Desde 2012, no Chile, é realizado o Campeonato Nacional de Povos Originários. Participam as seleções de povos ancentrais da América do Sul com os Rapa Nui, os Quechua e os Mapuche. Oito seleções participaram da última edição, voltada a reconhecer e unir os povos andinos.
No Brasil Amazônico, comunidades indígenas como os Kaiowá, Guarani, Bororo, Pataxó e Yanomami também jogam futebol. As seleções viajam dias pelo rio para as sedes, em jogos que são marcados na época sem chuvas, quando os campos não estão alagados. O lema do torneio é: “o importante não é competir, é celebrar”.
A Taça das Favelas é organizada desde 2011 pela CUFA (Central Única das Favelas), e reúne comunidades de todo o Brasil. A taça já teve uma final jogada no Estádio do Pacaembú e sua mais recente edição, em 2022, foi transmitida ao vivo pela SporTV. Vários jogadores profissionais foram revelados na Taça das Favelas.

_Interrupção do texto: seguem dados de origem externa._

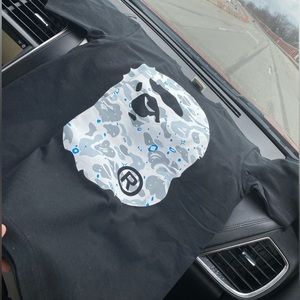 Black , white ,and grey bape shirt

Elas não disputam campeonatos, mas são apaixonadas por praticar o futebol. As camponeses andinas – chamadas de Mamachas, no Perú, e Cholitas, na Bolívia – praticam o esporte no meio das plantações, no alto de montanhas ou em campos das comunidades mais pobres. Vestidas com as roupas tradicionais da região. Nada de calção e camiseta, o negócio é saia comprida e colorida!